• _RECORDED DATA_
== Segment start ==

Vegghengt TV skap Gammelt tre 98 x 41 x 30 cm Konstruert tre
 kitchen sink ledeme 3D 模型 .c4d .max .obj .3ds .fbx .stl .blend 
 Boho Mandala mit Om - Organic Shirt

== Segment end ==

• _WORK INSTRUCTIONS_
Please transcribe only the portion of the material that starts at the line containing "kitchen sink ledeme" and runs through its last line, inclusive, exactly as given.

• _SOLUTION BELOW_
 kitchen sink ledeme 3D 模型 .c4d .max .obj .3ds .fbx .stl .blend 
 Boho Mandala mit Om - Organic Shirt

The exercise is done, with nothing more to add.